HEA pays capital credits, votes down credit-as-coronavirus-aid proposal

by Ben Boettger

Homer Electric Association's board of directors voted at their April 14 meeting to return $1.952 million in capital credits to those who belonged to the cooperative in 1989, and declined the option of returning the credits instead to the membership of 2018. The pay-out to more recent members was proposed as financial aid for those suffering from coronavirus-related workplace shutdowns.

For a business, yearly revenue beyond expenses is profit. But for a member-owned cooperative such as HEA, those earnings are called margins, and are credited back to members according to how much they spent on electricity. To allow HEA to retain capital for improvements or for coping with unexpected problems, the credits are only paid when the board of directors votes to do so.

HEA has usually returned credits on a "first in, first out" basis, paying the credits allocated earliest before more recent ones. In February, the HEA directors voted to pay out $1.95 million to HEA's 1989 members— who hold the earliest unpaid capital credits — on that basis. The vote was unanimous, with director Dave Carey absent.

When the HEA directors met by teleconference in April, much of the state's economy was shut down and many Alaskans were confined to their homes to slow the spread of coronavirus. The board reconsidered the capital credit payment they'd approved in February, and voted on an alternative: a "last-in, first out" payment of the capital credits allocated in 2018. According to the resolution text, HEA reconsidered its February allocation "due to a negative economic impact from a current nationwide virus pandemic, called COVID 19" with the intent "to create a more positive economic impact for a larger assemblage of the HEA membership."

The HEA board declined to switch to the "last-in, first-out" option, voting 7-2 against payments to the 2018 membership, with Directors Jim Levine and Erin McKittrick voting in favor.

A payout to the 2018 membership would have resulted in about 25,000 members receiving an average check of $40, wrote HEA director of Member Relations Bruce Shelley. According to an HEA press release, approximately 8,700 people who were members in 1989 will be receiving an average $70 in the first-in, first-out distribution.

Levine moved to adopt the last-in, first-out option, an idea he that he later wrote "came from brain storming on what could be done to help members during this crisis." He said it would benefit a larger segment of Kenai Peninsula residents, since many of HEA's 1989 members are no longer alive or no longer living in the area. Levine added that the extra funds would be especially helpful to members after HEA increased its per-kilowatt-hour rates by three percent on April 1. That increase combined with an increase to HEA's cost of power adjustment adds a total of $11.17 ($2.50 from the per-kilowatt-hour rate and $8.60 from the cost of power adjustment) to the monthly bill of an average residential member consuming 550 kilowatt-hours a month, according to HEA press releases (here and here).

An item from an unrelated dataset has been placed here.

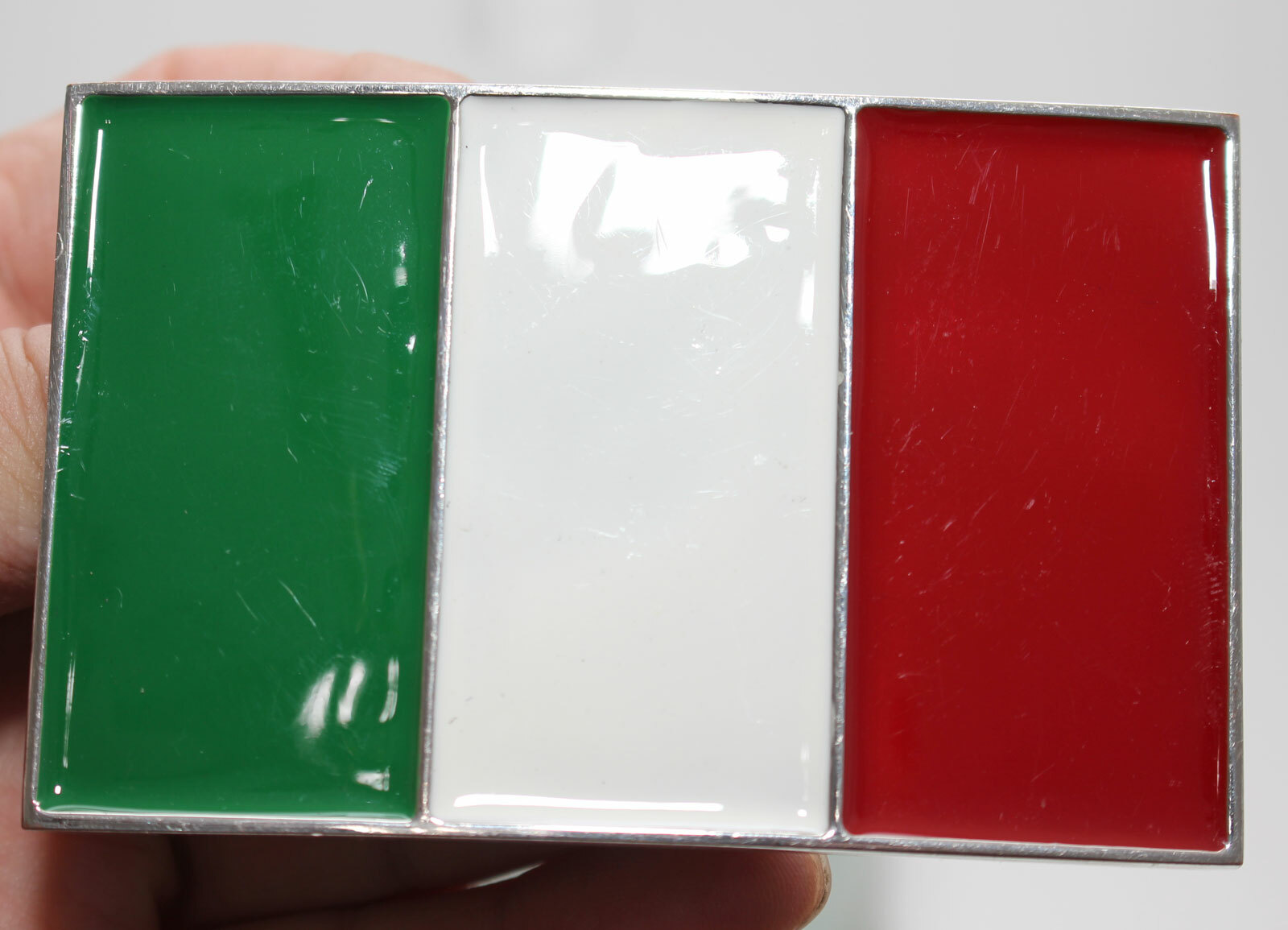 Italian Flag Enamel Metal Belt Buckle 3 5/8&Prime; x 2 1/2&Prime; – Fits 1 1/2&Prime; Wide Belt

Several directors who opposed a departure from HEA's usual payment method said that capital credits aren't meant to be social support or charity. Director Dan Furlong said a precedent for using them as such could make the board more inclined to do so for lesser economic troubles. McKittrick, the other vote for last-in, first-out, disagreed. She said the coronavirus pandemic is of a much larger scale than year to year downturns and justified the unusual change.

Carey, who had been absent for the February vote that originally paid out the capital credits, said he was against distributing them by either method and favored retaining the funds for the unknown needs of the future.